Businesses need to focus more on productivity and execution and less on idea generation if they wish to consistently be innovative, according to serial entrepreneur Scott Belsky.
Companies tend to experience an infusion of energy and excitement when a new idea strikes, with many employees willing to burn the midnight oil to push the idea forward, said Belsky, who founded Behance, the world's largest online platform of creative professionals.
But as time passes and workers fall behind on other stuff, Belsky said organizations too often enter what he calls the "project plateau" and fail to see a quality idea through to its conclusion.
"What we really want to do when we enter this zone is return to the energy and excitement that accompanied a new idea," Belsky said in a keynote Tuesday at CompTIA's ChannelCon 2017 event in Austin. "So we just come up with another idea."

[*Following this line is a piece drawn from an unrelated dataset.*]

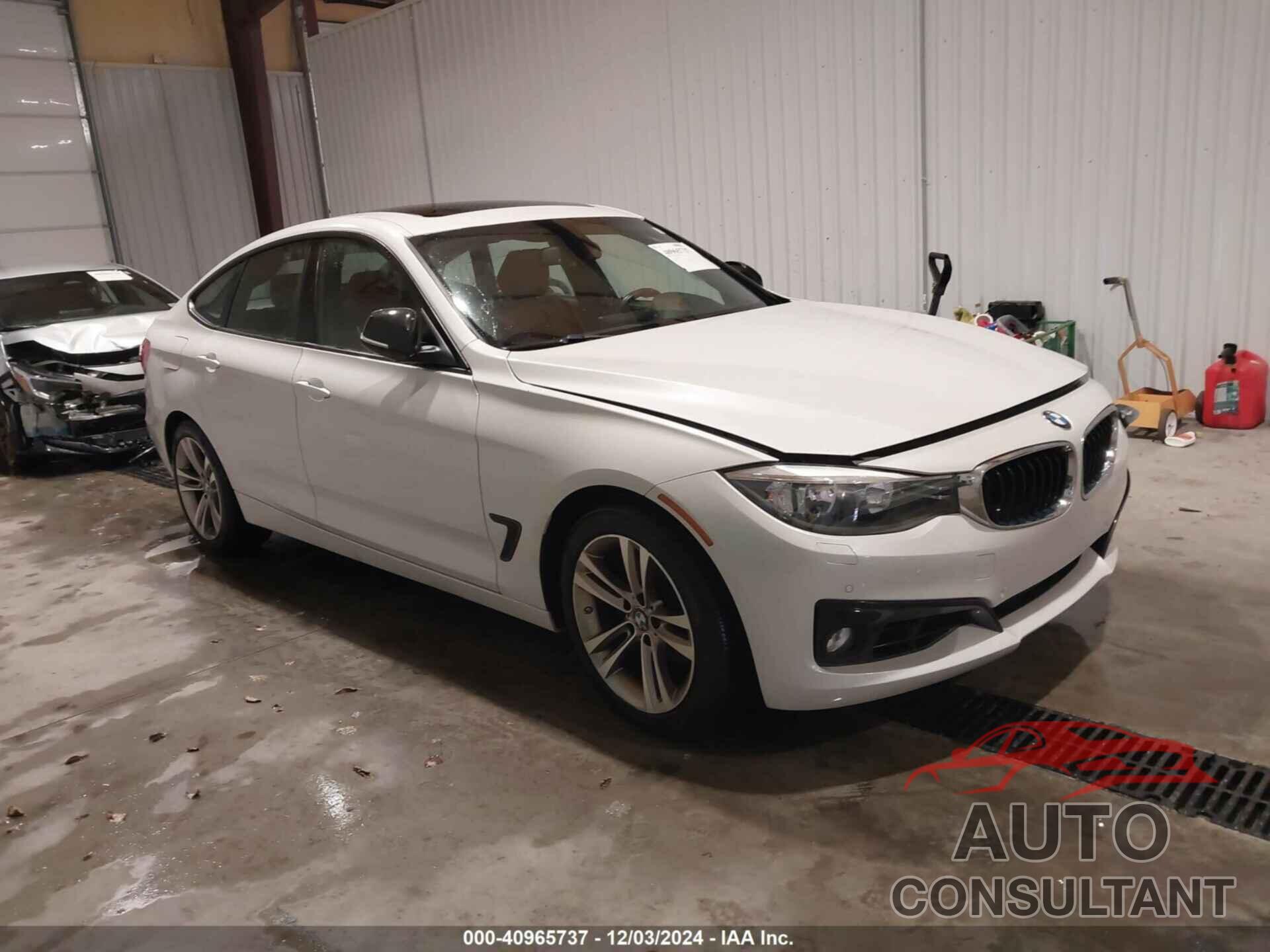 BMW 328I GRAN TURISMO 2014 - WBA3X5C53ED558175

But the infatuation with idea generation isn't the only thing holding back the execution of creative ideas, Belsky said. The so-called "gravitational force of operations" can also prevent leaders from pushing great ideas or projects forward within their teams, Belsky said.
"The urgent always seems to beat the important in terms of winning our time," Belsky said.

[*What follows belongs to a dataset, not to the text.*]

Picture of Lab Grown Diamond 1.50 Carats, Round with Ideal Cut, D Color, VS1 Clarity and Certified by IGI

Most companies are made up of three types of people, Belsky said. The first are doers, who Belsky said are typically viewed within the organization as "Debbie Downers."
"The doer goes to bed at night really happy and satisfied when there are no new surprises the next day, when everything is on track, on budget and as planned," Belsky said.
Belsky views the doers as the immune system of an organization, meaning they need to be empowered on a daily basis to kill ideas that are off-track.
"Most of the ideas need to be killed in order for us to stay on track and under budget and be really productive," Belsky said.